From time to time, Louisiana lawmakers have come to the aid of those who make so-called payday loans. Sen. Rick Ward, R-Port Allen, is this year’s champion with Senate Bill 381.
Legislation that was narrowly passed by both houses would cap finance charges at 100% of the original loan amount. That means lenders could charge up to $1,500 in fees on a $1,500 loan, for a total repayment of $3,000, according to The Advocate.
The senator said his “Louisiana Access to Credit Loans Act” would help state residents living on a paycheck make ends meet when faced with surprisingly large expenses.
Under current law, lenders can offer a loan of up to $350, due on the borrower’s next payday. The maximum the lender can make per loan is $55. Ward’s bill does not change that.
Ward sponsored another payday loan bill in 2018. It stated that the loan term could not be less than three months and could not exceed 12 months. The amount of the loan could not be less than $500 and could not exceed $875. The bill passed the Senate 20-17 but died in the House Commerce Committee.
I wrote in a June 3, 1999 column about a Bossier City woman who got one of these loans. She needed $200 for an emergency out-of-town trip and took out a two-week loan. The maximum they lent at that time was $201 and it had to be paid back in 14 days.
When a customer borrowed that $201, they had to leave a check for $246 to cover the principal and $15 in interest. The other $30 was for documentation and set-up costs. That’s an annual interest rate of over 580 percent.
“It was a little high,” the borrower said, “but when you need it, you need it.”
The Associated Press reported that there were about 30 payday loan companies in the state in 1992. That number grew to 455 in 1998 and 489 by the end of 1999.
Foster Campbell, a current member of the Louisiana Civil Service Commission, was a state senator in 1999. He said, “We’ve had 500 of these companies open since 1992 and none of them have failed. . I have never heard of such statistics. But the reason why they didn’t is because they deceive people by charging outrageous interest rates.
OK, back to Ward’s bill which passed the House 54-35, one vote more than the 53 needed. The Senate vote was 20 to 14, the exact majority he needed.
Republican senses Mark Abraham of Lake Charles and Mike Reese of Leesville voted for Ward’s bill. Sen. Jeremy Stine, R-Lake Charles, voted against. Sen. Heather Cloud, R-Turkey Creek, was recorded as absent.
GOP Representatives Ryan Bourriaque of Grand Lake, Dewith Carrier of Oakdale, Troy Romero of Jennings and Phillip Tarver of Lake Charles voted for the bill. Representatives Wilford Carter, D-Lake Charles; Charles Owen, R-Rosepine, and Rodney Schamerhorn, R-Hornbeck, voted against. Representative Brett Geymann, R-Moss Bluff, was recorded as an absentee.

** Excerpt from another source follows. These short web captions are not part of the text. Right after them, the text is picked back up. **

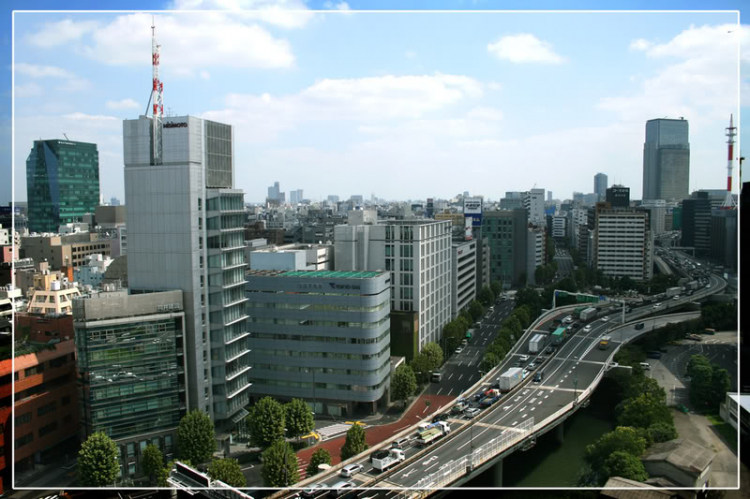 Một thoáng Tokyo.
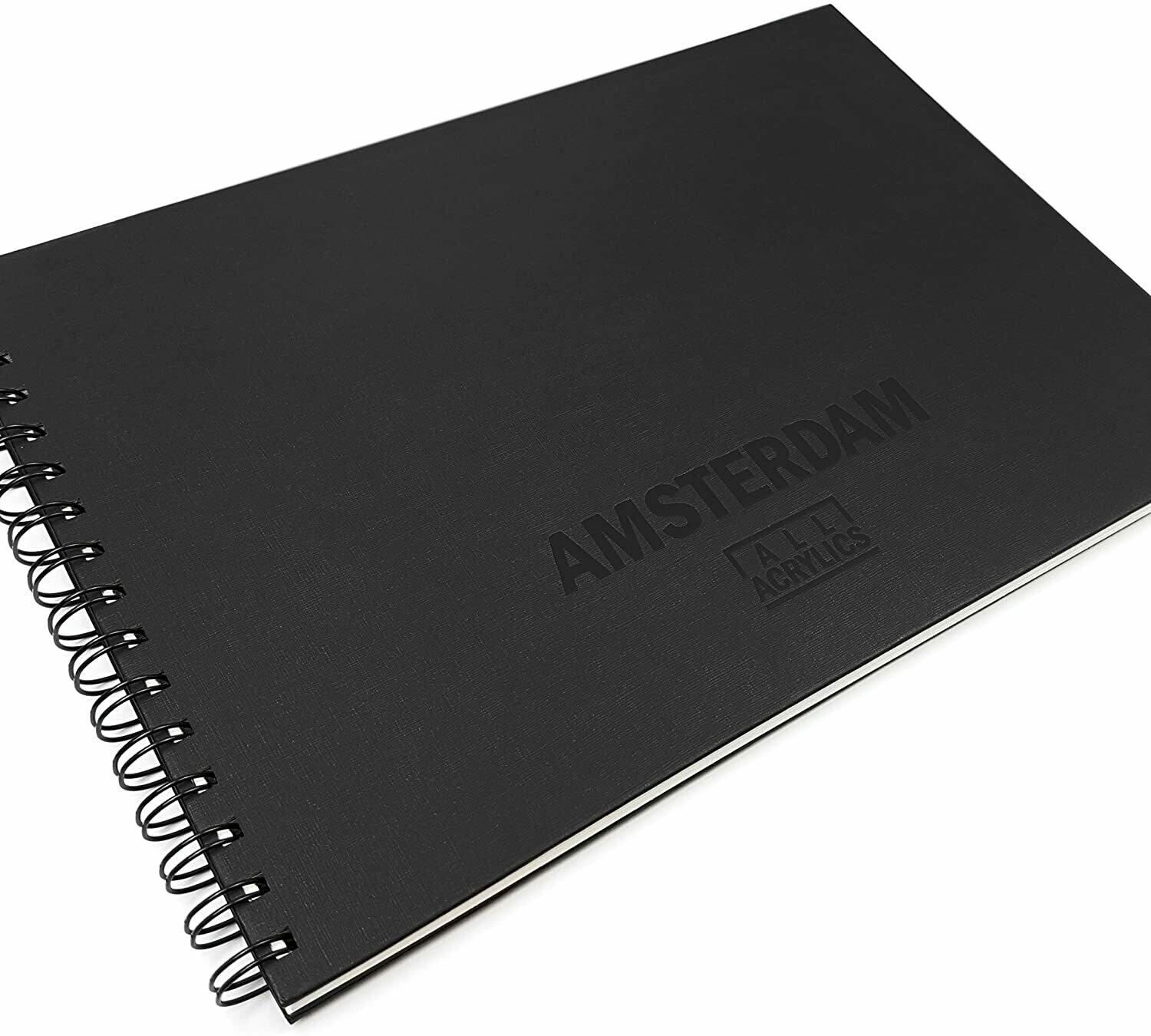 AMSTERDAM BLACK BOOK A4 250G/M 29.7CM X 21CM 30SHS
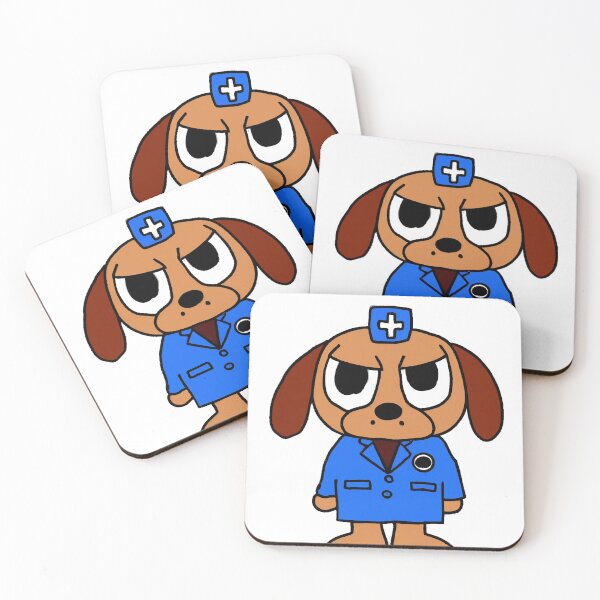 Item preview, Dog wearing a doctor suit designed and sold by michplante60.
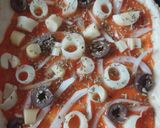 Foto del paso 3 de la receta: Fiesta de primavera con amigos, vegano y casero!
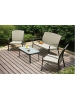 Salon de jardin Manhattan sable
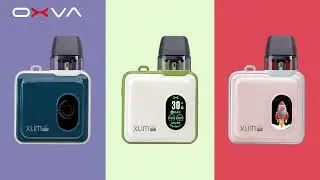 Introducing the OXVA XLIM SQ PRO Pod System - The Latest Pod Vape Device Now Available in Canada!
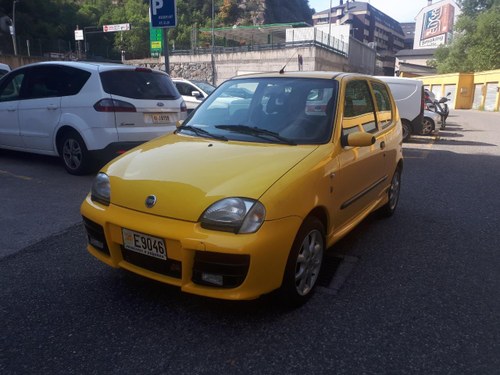2001 FIAT Seicento Sporting Michael Schumacher À venda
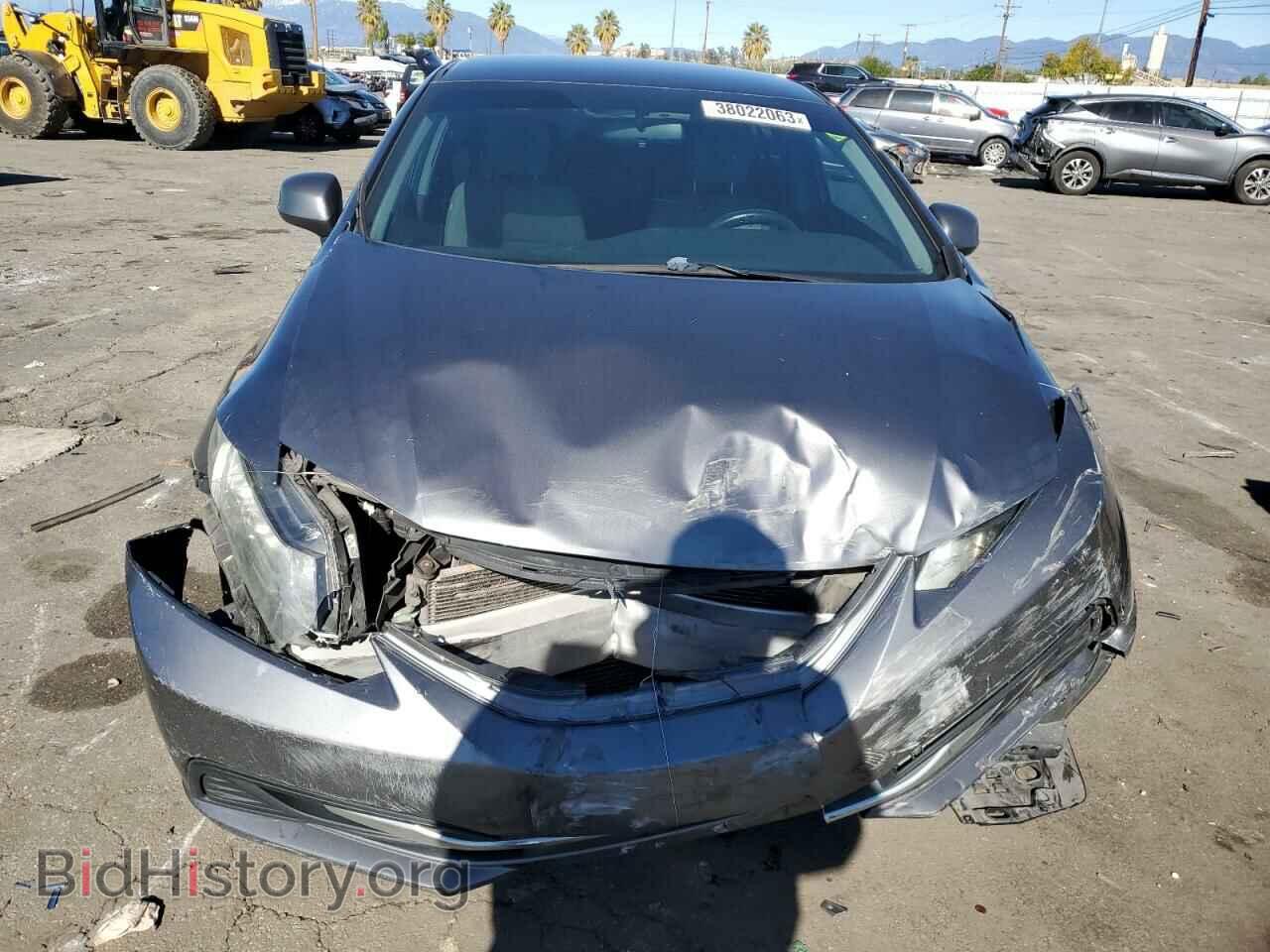 2013 HONDA CIVIC - VIN: 19XFB2F56DE259575 - Фото 5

The bill now awaits action by Governor John Bel Edwards. Lenders would make most of their money through monthly maintenance fees of up to 13% of the original loan amount.
Alex Horowitz, consumer credit researcher at The Pew Charitable Trusts, told The Advocate he had never seen such high fees. He said the bill would expose Louisiana consumers to financial harm, rather than creating an affordable loan market. Horowitz said seven of the nation’s 12 largest banks have launched or announced programs to provide small dollar loans to customers.
Kenneth Pickering was twice Louisiana’s chief banking regulator. He said he had no idea what the maintenance fee even covers. “Once a loan is on the books, there’s nothing left to maintain,” he said. Pickering calls it more interest.
Stanley Dameron, Commissioner of the Office of Financial Institutions, said: “Some of the people applying for these loans might not qualify from your bank, but they certainly would from a credit union or finance company. “
Pelican State Credit Union’s Jessica Sharon told lawmakers that credit unions were explicitly created to help people of modest means.
Even an official with a state association that represents payday lenders said Ward’s new product was unnecessary. He said the loans are already available in Louisiana at a fraction of the cost. “It’s greed and arrogance at the highest level,” he said.
Ward’s bill is certainly a strong candidate for a gubernatorial veto.